Zum Abschluss der Feier wird ein Element des «traditionellen» Gottesdienstes eingebracht: Die Teilnehmenden stehen auf und beten das Unservater. Roman Feltscher verkündet den Segensspruch des Abends. Auf der Powerpoint-Folie an der Wand erscheinen nun Informationen zu Anlässen der Kirchgemeinde – das, was der Ortspfarrer Fadri Ratti sonst in Worten weitergibt. Dann lädt Corina Feltscher alle zum Apéro ein. Am Ende des ersten Sharing-Community-Anlasses gibt es Applaus von den Besucherinnen und Besuchern. 

Positives Echo 

Die Teilnehmenden schätzten das neue Format, so der Tenor im Anschluss an die Feier. «Die Lieder wirken modern, und die Texte dazu sind gut lesbar – in den Gesangbüchern sind sie für mich meist zu klein gedruckt», bemerkt eine Besucherin. Die Sharing Community soll offen sein für Menschen mit verschiedenen Bedürfnissen. Die Feiern finden auf der Basis der christlichen Tradition statt und sind als Ort des Austauschs und der Solidarität gedacht. 

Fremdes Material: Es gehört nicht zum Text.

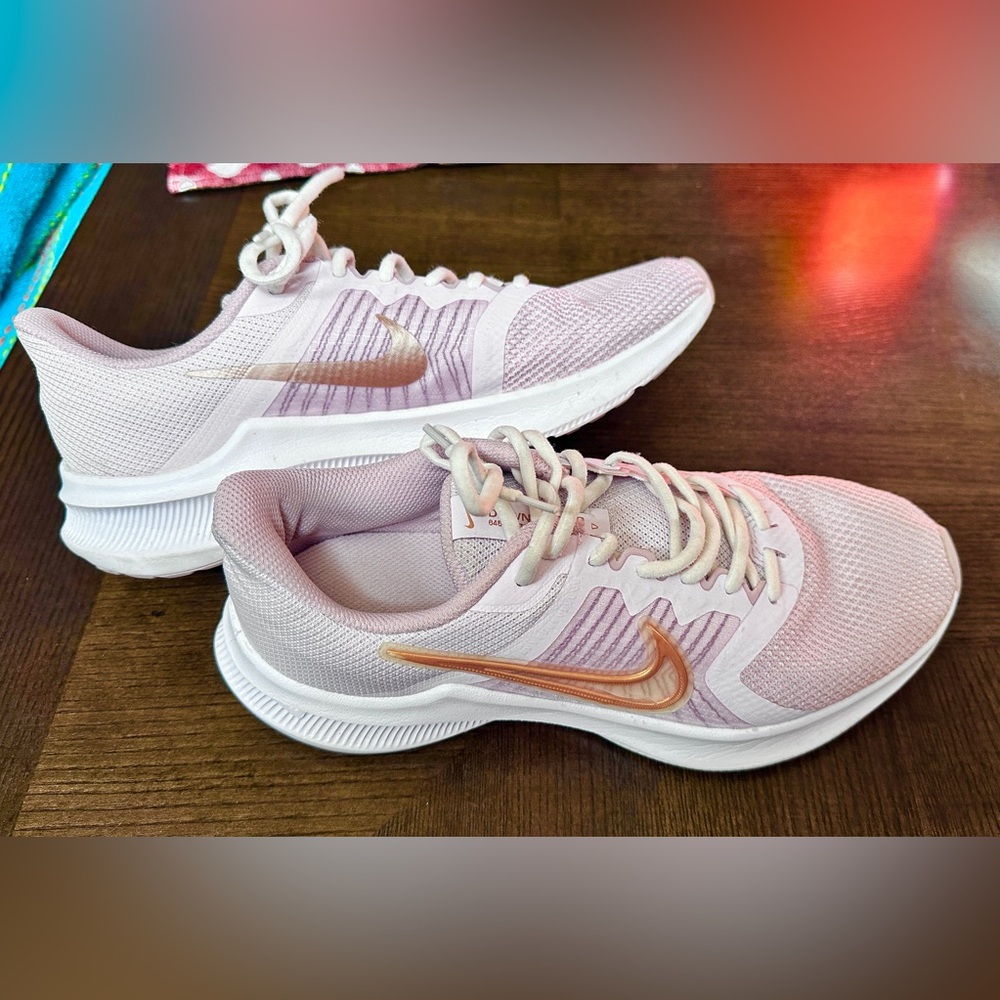 Nike Downshifter Women's Athletic Shoes in Pink & Rose Gold, Sz 9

Die Kirchgemeinde in Felsberg geht auch bei anderen Angeboten neue Wege: Der Pfarrer steigt nicht mehr auf die Kanzel, und der Gottesdienst am Sonntagmorgen beginnt mit Zopf und lockeren Gesprächen am Tisch. Dass die Sharing Community in Felsberg etabliert wurde, war einerseits Zufall, andererseits hatte es einen symbolischen Charakter: Pfarrer Fadri Ratti suchte eine Stellvertretung – einen Tag nach dem Reformationstag. Etwas Neues, eine Sharing Community anzubieten, passte gut, fanden die Beteiligten. «Für Innovationen braucht es die Offenheit des Pfarrers, aber auch die Bereitschaft der Leute im Dorf», sagt Corina Feltscher. 

Samstag statt Sonntag

Beides scheint in Felsberg gegeben: Es kommen mehr Menschen als üblich in die Kirche. Und das an einem Samstagabend. Der Termin ist jedoch bewusst gewählt, denn am Sonntagmorgen in die Kirche zu gehen, sei für viele nicht attraktiv. Wenn sich die Gesellschaft verändere, müsse man mitziehen. Auf der Basis des Christentums und mit dem Mut, alternative Angebote zu machen, sagt Feltscher. 

Geteilte Gemeinschaft

Sharing Community ist eine liturgische Form des Feierns, die von Personen nach einer sechs- bis achttägigen Ausbildung gestaltet wird. Die Teilnehmenden bringen ihre Zugänge zum Glauben ein und machen die Feier interaktiv und vielfältig – so einzigartig wie die Menschen, die sie tragen. Interessierte können sich für die Gestaltung der Sharing Community ausbilden lassen. Die Feier wird von einer Gruppe, bestehend aus Liturgin, Wegbegleiter und Gastgebenden, gefeiert. Es ist sinnvoll, sich im Team anzumelden. Die nächste Sharing-Community-Feier in Felsberg findet am 26. April 2026 statt.